=== Entries shown ===
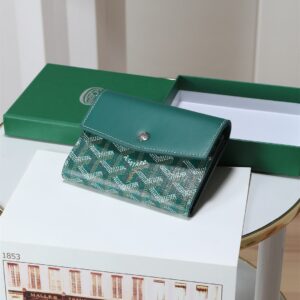 高仿Goyard*STGABR2拼色三折式錢夾錢包綠色免檢版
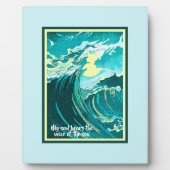 ヴィンテージと嵐の海の上を歩く月の芸術と引用文  フォトプラーク (正面)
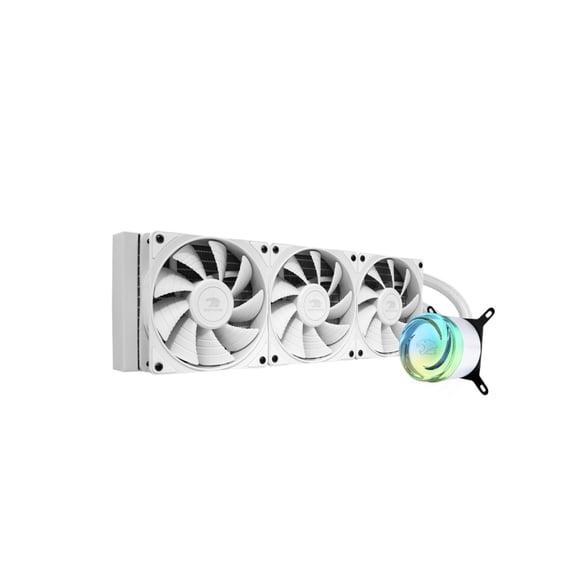iBUYPOWER - AW4 360mm Radiator CPU Liquid Cooler (3 x 120mm Core Fans) with RGB Display - White
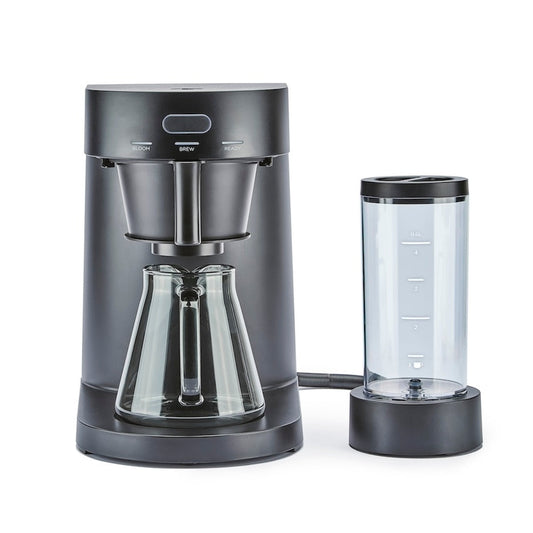Black coffee maker with clear carafe on a white background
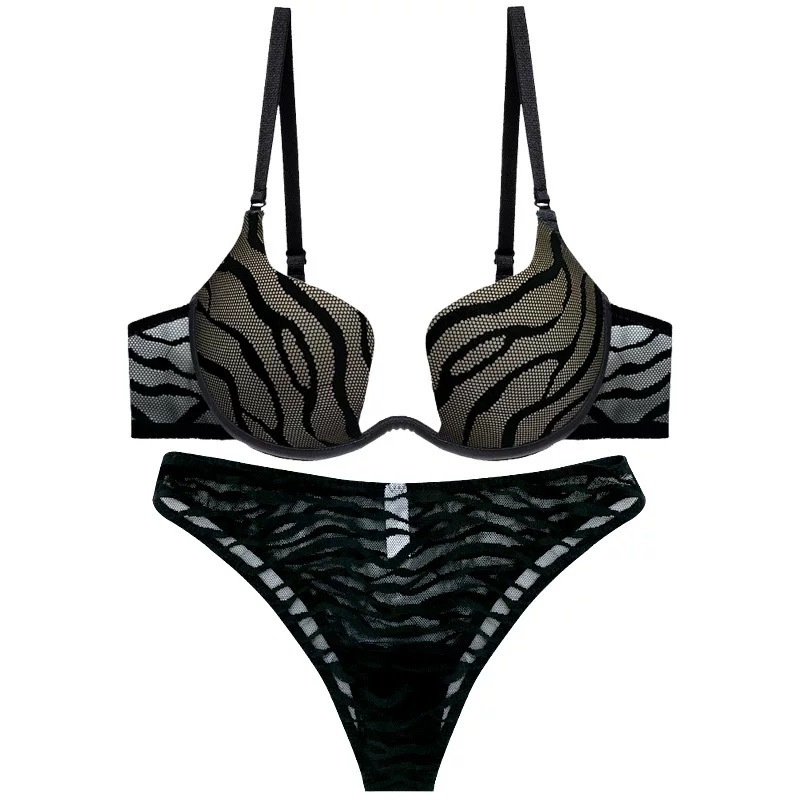 Sutien U oblika za male grudi, push-up, glatki prugasti model, plus veličina, konturiranje bočnih grudi i protiv opuštanja, set grudnjaka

=== Task brief ===
Set every record down verbatim. No pictures belong in the copy.

=== Problem solution ===
 高仿Goyard*STGABR2拼色三折式錢夾錢包綠色免檢版
 ヴィンテージと嵐の海の上を歩く月の芸術と引用文  フォトプラーク (正面)
iBUYPOWER - AW4 360mm Radiator CPU Liquid Cooler (3 x 120mm Core Fans) with RGB Display - White
Black coffee maker with clear carafe on a white background
 Sutien U oblika za male grudi, push-up, glatki prugasti model, plus veličina, konturiranje bočnih grudi i protiv opuštanja, set grudnjaka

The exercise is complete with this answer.